Given data:
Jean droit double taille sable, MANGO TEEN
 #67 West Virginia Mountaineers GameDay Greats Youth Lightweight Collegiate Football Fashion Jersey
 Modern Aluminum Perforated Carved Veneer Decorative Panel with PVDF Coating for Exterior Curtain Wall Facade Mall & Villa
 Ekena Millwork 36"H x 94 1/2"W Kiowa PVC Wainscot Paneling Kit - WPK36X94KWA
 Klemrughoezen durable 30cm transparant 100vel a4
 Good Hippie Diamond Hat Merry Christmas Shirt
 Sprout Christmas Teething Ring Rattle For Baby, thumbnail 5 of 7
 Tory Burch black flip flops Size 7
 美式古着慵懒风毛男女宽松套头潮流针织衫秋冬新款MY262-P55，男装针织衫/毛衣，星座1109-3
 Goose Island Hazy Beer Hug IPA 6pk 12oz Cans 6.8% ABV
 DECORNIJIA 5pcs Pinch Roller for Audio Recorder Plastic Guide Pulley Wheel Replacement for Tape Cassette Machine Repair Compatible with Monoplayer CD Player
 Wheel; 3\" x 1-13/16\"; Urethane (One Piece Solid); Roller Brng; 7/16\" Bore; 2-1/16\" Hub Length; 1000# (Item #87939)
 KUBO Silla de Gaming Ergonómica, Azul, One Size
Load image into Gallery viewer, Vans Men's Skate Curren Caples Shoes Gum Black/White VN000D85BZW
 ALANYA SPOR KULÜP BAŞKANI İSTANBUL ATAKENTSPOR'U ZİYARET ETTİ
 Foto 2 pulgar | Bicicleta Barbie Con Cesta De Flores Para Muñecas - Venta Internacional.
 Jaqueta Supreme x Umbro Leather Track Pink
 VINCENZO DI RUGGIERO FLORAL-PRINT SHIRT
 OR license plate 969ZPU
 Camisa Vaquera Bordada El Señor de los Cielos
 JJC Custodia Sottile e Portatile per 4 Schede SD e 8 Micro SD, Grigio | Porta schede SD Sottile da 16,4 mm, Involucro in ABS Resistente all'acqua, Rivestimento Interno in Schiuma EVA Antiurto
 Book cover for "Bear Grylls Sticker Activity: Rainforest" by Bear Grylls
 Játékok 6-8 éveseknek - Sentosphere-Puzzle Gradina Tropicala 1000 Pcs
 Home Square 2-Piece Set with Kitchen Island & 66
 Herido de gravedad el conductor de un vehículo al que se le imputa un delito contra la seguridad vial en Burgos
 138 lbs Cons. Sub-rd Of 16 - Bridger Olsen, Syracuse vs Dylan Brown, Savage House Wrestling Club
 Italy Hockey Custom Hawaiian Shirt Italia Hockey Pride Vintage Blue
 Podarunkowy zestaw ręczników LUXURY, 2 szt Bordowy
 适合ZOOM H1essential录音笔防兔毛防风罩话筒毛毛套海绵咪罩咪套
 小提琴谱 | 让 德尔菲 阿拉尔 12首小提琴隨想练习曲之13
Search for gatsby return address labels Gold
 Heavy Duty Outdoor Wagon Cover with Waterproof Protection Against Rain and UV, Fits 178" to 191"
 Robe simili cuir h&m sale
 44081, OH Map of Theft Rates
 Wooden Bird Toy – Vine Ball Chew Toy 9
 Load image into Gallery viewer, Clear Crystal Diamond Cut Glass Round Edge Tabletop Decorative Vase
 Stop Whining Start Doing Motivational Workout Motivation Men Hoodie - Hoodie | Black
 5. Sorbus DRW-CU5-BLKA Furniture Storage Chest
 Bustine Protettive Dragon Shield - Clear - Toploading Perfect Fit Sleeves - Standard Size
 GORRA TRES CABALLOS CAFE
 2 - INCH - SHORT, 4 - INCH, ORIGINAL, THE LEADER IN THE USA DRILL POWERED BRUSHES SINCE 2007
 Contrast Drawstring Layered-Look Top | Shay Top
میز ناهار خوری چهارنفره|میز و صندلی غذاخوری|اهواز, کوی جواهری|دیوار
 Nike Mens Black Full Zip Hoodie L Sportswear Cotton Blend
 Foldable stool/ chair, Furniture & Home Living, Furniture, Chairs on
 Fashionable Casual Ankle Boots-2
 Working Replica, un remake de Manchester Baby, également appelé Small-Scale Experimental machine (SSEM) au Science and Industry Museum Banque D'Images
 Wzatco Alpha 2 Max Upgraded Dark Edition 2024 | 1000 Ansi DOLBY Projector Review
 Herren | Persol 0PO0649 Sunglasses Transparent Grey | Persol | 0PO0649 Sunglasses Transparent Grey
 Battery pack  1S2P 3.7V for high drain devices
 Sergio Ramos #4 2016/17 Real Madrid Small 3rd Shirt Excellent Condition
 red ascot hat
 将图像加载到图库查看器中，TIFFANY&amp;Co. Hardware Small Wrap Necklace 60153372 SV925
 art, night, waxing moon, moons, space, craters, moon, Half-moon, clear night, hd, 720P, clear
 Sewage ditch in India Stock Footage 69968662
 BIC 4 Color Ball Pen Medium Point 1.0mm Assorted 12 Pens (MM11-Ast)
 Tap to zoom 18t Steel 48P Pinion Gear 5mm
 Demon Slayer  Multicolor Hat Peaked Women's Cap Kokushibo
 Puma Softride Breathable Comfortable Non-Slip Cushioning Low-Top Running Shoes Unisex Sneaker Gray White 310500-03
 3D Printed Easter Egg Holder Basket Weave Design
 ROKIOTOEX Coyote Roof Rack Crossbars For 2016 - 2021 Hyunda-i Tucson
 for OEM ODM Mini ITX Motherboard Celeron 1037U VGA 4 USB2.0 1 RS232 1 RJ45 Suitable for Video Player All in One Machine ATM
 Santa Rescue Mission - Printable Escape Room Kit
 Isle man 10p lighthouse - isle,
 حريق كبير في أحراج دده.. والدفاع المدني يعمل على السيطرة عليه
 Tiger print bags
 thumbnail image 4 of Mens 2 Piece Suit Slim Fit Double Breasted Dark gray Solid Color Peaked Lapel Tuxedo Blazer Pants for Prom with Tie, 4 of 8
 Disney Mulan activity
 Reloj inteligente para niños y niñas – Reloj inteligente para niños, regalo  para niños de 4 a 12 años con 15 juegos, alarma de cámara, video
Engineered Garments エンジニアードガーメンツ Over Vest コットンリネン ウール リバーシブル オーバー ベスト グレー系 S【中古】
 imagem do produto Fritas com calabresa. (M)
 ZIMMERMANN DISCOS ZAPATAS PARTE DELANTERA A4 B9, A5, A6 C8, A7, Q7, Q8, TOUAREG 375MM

What needs to be done: The answer should consist of the lines from the first line of the entries through the line with "Játékok 6-8 éveseknek", copied exactly.

Finished task:
Jean droit double taille sable, MANGO TEEN
 #67 West Virginia Mountaineers GameDay Greats Youth Lightweight Collegiate Football Fashion Jersey
 Modern Aluminum Perforated Carved Veneer Decorative Panel with PVDF Coating for Exterior Curtain Wall Facade Mall & Villa
 Ekena Millwork 36"H x 94 1/2"W Kiowa PVC Wainscot Paneling Kit - WPK36X94KWA
 Klemrughoezen durable 30cm transparant 100vel a4
 Good Hippie Diamond Hat Merry Christmas Shirt
 Sprout Christmas Teething Ring Rattle For Baby, thumbnail 5 of 7
 Tory Burch black flip flops Size 7
 美式古着慵懒风毛男女宽松套头潮流针织衫秋冬新款MY262-P55，男装针织衫/毛衣，星座1109-3
 Goose Island Hazy Beer Hug IPA 6pk 12oz Cans 6.8% ABV
 DECORNIJIA 5pcs Pinch Roller for Audio Recorder Plastic Guide Pulley Wheel Replacement for Tape Cassette Machine Repair Compatible with Monoplayer CD Player
 Wheel; 3\" x 1-13/16\"; Urethane (One Piece Solid); Roller Brng; 7/16\" Bore; 2-1/16\" Hub Length; 1000# (Item #87939)
 KUBO Silla de Gaming Ergonómica, Azul, One Size
Load image into Gallery viewer, Vans Men's Skate Curren Caples Shoes Gum Black/White VN000D85BZW
 ALANYA SPOR KULÜP BAŞKANI İSTANBUL ATAKENTSPOR'U ZİYARET ETTİ
 Foto 2 pulgar | Bicicleta Barbie Con Cesta De Flores Para Muñecas - Venta Internacional.
 Jaqueta Supreme x Umbro Leather Track Pink
 VINCENZO DI RUGGIERO FLORAL-PRINT SHIRT
 OR license plate 969ZPU
 Camisa Vaquera Bordada El Señor de los Cielos
 JJC Custodia Sottile e Portatile per 4 Schede SD e 8 Micro SD, Grigio | Porta schede SD Sottile da 16,4 mm, Involucro in ABS Resistente all'acqua, Rivestimento Interno in Schiuma EVA Antiurto
 Book cover for "Bear Grylls Sticker Activity: Rainforest" by Bear Grylls
 Játékok 6-8 éveseknek - Sentosphere-Puzzle Gradina Tropicala 1000 Pcs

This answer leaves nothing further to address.